[Brief]: A line below contains "Elevated Dog Bed", and a later one contains "Map of Dusseldorf, 1758". Repeat both, with every line between them, exactly.

[Source information]:
§

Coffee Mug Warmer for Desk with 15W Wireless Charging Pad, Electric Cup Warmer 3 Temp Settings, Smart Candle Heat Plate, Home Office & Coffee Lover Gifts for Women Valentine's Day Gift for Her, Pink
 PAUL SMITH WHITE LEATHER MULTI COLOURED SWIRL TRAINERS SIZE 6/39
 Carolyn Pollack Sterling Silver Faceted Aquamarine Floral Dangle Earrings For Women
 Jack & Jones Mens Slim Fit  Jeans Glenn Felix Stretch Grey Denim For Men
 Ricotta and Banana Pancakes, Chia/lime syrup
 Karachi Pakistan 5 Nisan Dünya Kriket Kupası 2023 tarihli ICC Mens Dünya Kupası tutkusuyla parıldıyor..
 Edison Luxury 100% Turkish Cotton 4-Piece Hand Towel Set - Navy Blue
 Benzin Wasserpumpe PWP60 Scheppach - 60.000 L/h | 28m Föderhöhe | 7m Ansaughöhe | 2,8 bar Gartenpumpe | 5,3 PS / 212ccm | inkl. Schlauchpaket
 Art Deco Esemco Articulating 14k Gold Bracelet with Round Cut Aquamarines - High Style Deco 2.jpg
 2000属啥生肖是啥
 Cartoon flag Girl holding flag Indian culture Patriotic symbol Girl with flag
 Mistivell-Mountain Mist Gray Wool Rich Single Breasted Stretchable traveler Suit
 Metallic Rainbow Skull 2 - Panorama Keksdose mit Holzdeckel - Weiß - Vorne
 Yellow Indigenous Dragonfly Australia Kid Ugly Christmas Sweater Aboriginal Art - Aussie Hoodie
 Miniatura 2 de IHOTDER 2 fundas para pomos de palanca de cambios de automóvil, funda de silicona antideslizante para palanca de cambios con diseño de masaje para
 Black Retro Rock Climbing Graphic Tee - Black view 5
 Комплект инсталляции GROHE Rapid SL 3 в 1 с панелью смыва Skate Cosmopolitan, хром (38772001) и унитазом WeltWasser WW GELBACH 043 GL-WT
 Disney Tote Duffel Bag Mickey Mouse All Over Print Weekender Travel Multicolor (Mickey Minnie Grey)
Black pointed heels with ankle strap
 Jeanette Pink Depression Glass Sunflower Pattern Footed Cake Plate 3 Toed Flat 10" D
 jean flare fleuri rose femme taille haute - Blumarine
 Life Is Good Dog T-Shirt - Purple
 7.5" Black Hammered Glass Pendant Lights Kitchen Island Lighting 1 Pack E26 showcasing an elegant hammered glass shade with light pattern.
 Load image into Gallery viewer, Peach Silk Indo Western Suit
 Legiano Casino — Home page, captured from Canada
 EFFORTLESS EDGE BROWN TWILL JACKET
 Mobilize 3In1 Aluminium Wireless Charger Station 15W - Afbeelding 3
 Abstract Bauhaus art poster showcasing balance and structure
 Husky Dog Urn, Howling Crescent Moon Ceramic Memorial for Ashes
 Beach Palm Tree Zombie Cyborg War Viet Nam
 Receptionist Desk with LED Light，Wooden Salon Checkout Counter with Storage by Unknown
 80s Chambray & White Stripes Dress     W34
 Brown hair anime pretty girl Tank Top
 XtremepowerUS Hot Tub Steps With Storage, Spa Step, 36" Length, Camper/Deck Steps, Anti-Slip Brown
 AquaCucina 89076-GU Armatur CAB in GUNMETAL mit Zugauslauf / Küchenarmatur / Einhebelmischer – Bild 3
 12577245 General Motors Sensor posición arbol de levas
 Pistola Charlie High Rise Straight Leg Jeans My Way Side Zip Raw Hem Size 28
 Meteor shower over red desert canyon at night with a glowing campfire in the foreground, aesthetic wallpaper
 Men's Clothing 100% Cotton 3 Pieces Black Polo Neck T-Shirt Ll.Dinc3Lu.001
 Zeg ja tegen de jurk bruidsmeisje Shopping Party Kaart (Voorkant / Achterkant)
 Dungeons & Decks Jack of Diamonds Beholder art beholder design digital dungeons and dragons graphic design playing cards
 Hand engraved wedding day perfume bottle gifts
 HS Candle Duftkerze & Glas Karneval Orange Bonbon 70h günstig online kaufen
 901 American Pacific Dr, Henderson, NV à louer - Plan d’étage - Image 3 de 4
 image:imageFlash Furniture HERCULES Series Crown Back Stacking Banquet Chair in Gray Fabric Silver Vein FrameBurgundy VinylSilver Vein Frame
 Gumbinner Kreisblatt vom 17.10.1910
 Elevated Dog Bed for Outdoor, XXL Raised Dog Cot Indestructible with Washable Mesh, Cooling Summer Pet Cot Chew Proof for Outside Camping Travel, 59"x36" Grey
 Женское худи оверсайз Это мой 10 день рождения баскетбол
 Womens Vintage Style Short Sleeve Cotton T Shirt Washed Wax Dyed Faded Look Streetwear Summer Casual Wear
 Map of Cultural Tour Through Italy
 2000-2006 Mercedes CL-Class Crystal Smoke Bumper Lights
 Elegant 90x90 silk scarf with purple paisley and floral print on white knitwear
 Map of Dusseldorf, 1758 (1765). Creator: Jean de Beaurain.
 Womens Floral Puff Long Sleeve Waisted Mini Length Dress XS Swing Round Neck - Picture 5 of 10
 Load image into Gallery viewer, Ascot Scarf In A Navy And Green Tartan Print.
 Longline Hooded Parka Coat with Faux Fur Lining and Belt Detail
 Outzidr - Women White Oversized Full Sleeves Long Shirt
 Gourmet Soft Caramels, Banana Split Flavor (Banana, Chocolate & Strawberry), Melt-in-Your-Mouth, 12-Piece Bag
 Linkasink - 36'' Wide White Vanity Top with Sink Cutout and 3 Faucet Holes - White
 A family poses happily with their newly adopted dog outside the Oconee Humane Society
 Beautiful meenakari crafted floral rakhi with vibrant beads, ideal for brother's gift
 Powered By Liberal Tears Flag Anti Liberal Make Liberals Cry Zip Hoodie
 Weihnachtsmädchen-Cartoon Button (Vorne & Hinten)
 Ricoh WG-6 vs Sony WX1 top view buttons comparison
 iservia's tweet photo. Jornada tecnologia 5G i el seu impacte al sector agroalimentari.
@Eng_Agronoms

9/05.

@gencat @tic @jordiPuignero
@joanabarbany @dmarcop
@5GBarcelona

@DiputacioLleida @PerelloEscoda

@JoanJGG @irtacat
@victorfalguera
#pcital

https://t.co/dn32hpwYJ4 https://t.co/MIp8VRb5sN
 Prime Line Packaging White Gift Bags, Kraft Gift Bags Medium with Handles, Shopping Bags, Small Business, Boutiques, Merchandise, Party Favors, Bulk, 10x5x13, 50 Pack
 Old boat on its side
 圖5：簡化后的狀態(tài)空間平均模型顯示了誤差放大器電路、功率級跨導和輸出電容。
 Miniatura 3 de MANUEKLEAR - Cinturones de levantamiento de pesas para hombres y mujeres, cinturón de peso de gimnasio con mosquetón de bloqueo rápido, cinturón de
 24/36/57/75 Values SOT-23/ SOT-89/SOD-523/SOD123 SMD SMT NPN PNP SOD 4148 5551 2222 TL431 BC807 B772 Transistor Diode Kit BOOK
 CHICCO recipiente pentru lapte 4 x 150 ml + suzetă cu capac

§

[Answer to the exercise]:
 Elevated Dog Bed for Outdoor, XXL Raised Dog Cot Indestructible with Washable Mesh, Cooling Summer Pet Cot Chew Proof for Outside Camping Travel, 59"x36" Grey
 Женское худи оверсайз Это мой 10 день рождения баскетбол
 Womens Vintage Style Short Sleeve Cotton T Shirt Washed Wax Dyed Faded Look Streetwear Summer Casual Wear
 Map of Cultural Tour Through Italy
 2000-2006 Mercedes CL-Class Crystal Smoke Bumper Lights
 Elegant 90x90 silk scarf with purple paisley and floral print on white knitwear
 Map of Dusseldorf, 1758 (1765). Creator: Jean de Beaurain.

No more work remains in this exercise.